The patient will need the tender love and care from relatives.
The relatives do not necessarily have to be nurses or doctors.
Any person staying with the sick relative at home can provide this type of care.
Towards the discharge days from Hospital the caregiver must be involved in the care of the patient together with the nurses.
This care includes feeding of the patient, bathing of the patient and if there are any medicines to be given to the patient, the relative must be shown how to do this.
If there are any exercises to be done by the patient, the relatives must be taught before the patient is discharged and must be familiar with the times each activity is to be carried out.
If the patient is confined to the bed the relative (s) must also be taught how to turn the patient.
The patients bed linen must be changed whenever necessary and he or she must always lie on a dry surface and not on wet surfaces.
Turning of the patient from side to side must be done two hourly to prevent development of pressure sores.
The patient also needs mouth care in order to promote appetite. All these activities need to be taught to the relative before the discharge of the patient.
The relative(s) must have love in order to succeed as the terminally ill patient might be very aggressive at times.
All what is needed from the relative(s) is tender love and care to the patient despite the cost.
The nurses may follow up the patient at home to check on whether the relatives are coping well with the terminally ill patient. They will also give advice on whatever the relative and patient might need.
The terminally ill patient care is under the Home based care Programme in which there are Voluntary Village or Community Based Workers who go around visiting these terminally ill patients supporting them and their relatives psychologically and physically.
They also check on their needs like food or material things like mattresses and painkillers.
They will also assess if there is need for the patient to go back to the hospital for re-admission like in the cases of severe diarrhea where there is need for fluid replacement intravenously.
After fluid replacement, the patient can be discharged on Home Based Care Programme again.
Many people like this programme because it is more comfortable to die among ones relatives with each one giving as much tender love and care as one can possibly give to a loved one.
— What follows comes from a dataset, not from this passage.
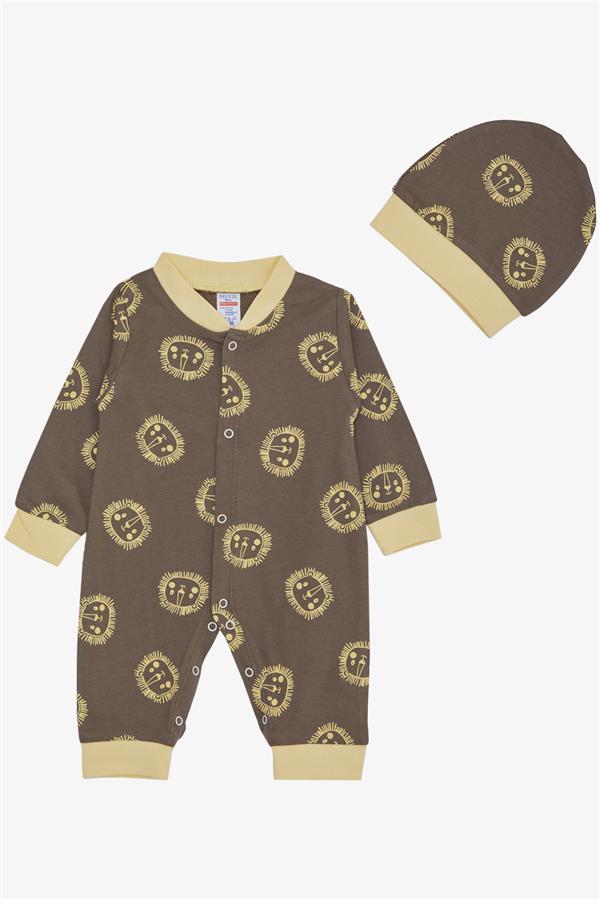 Baby Boy Romper with Cute Lion Pattern, Mink Color (0-6 Months)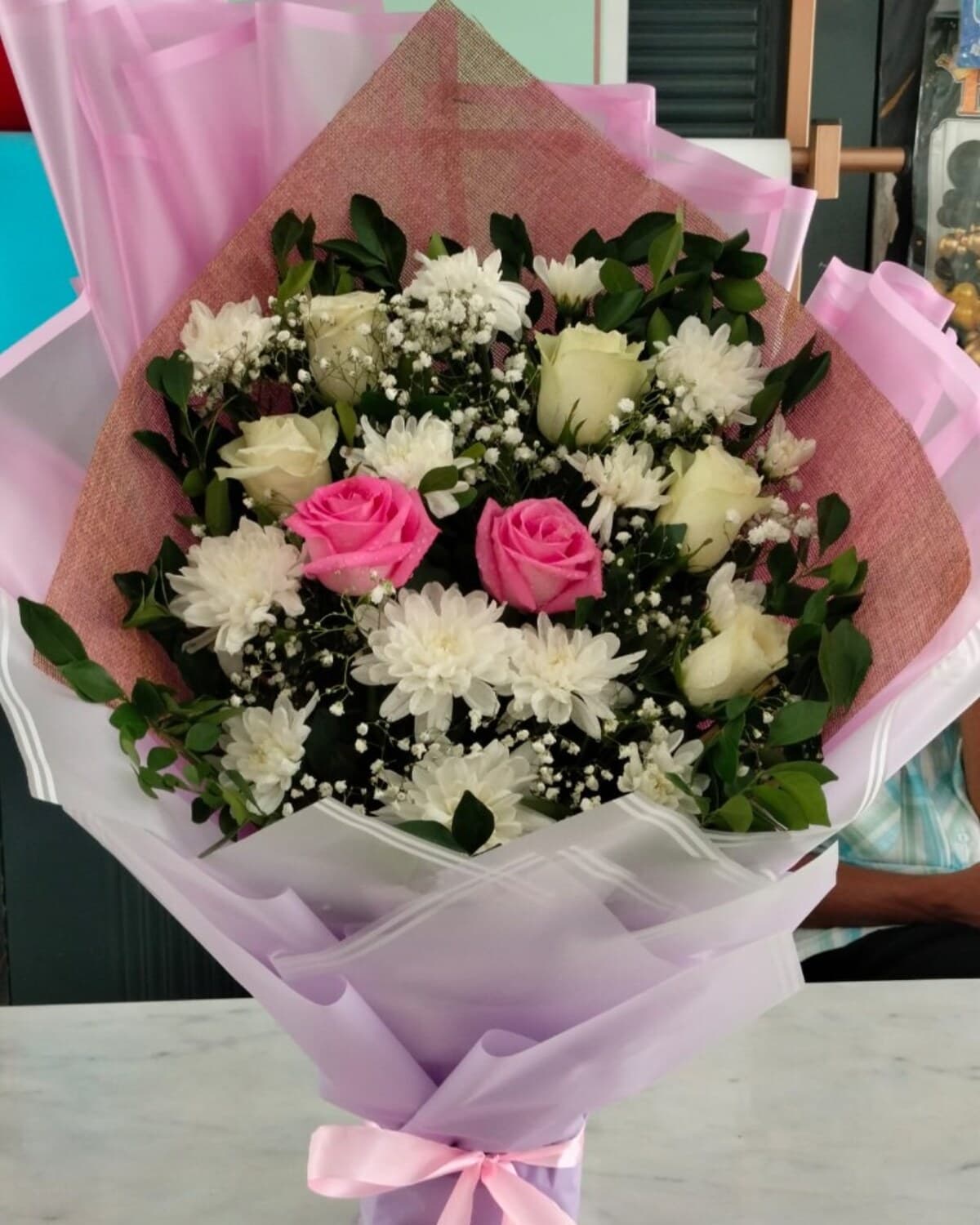 Blush Mesh Romance Bouquet fresh flower bouquet by Phool Pattiyan Lahore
With the advent of the deadly HIV/Aids disease, home-based care has become more popular since hospitals cannot cope with the ever-increasing number of patients.
In its inception days, the programme of Home Based Care had a lot of problems since most relatives neglected the patient especially if the patient was suspected to be HIV positive.
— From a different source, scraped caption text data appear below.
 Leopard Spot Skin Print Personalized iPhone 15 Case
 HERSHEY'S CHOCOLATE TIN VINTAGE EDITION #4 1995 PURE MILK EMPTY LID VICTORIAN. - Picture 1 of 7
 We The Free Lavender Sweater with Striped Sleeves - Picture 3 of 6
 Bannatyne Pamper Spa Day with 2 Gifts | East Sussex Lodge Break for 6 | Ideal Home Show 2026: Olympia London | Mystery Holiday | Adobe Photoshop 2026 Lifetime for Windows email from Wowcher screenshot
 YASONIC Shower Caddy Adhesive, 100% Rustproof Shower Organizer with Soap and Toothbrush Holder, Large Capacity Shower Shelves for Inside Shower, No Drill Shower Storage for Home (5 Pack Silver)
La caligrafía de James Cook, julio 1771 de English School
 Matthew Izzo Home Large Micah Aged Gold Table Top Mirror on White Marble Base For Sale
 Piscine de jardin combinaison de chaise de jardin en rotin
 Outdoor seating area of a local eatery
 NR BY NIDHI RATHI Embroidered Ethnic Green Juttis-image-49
They feared that any contact with the patient would lead to contracting the disease.
There was a lot of stigma associated with the disease and many patients found themselves abandoned by their own relatives.
However, with continued education on Home Based Care and the need to give a dying relative tender love and care in his or her last days, stigmatisation is slowly disappearing. People are beginning to understand and actively support a terminally ill relative.
It is important to note that we still have cases of terminally ill patients being abandoned by their close relatives. Some are just taken home and quarantined in their own room with food being dumped in that prison of a room.
No one ensures the patient has eaten or turns the patient and as a result the patient develops bed sores and dies a painful death.
Sometimes these patients die of starvation because no one is prepared to feed them and they will be too weak to feed themselves.
All this can be avoided if people adhere to what Home Based Care advocates for.
There is nothing as rewarding as giving a relative tender love and care in his or her last days so that he or she can depart in peace.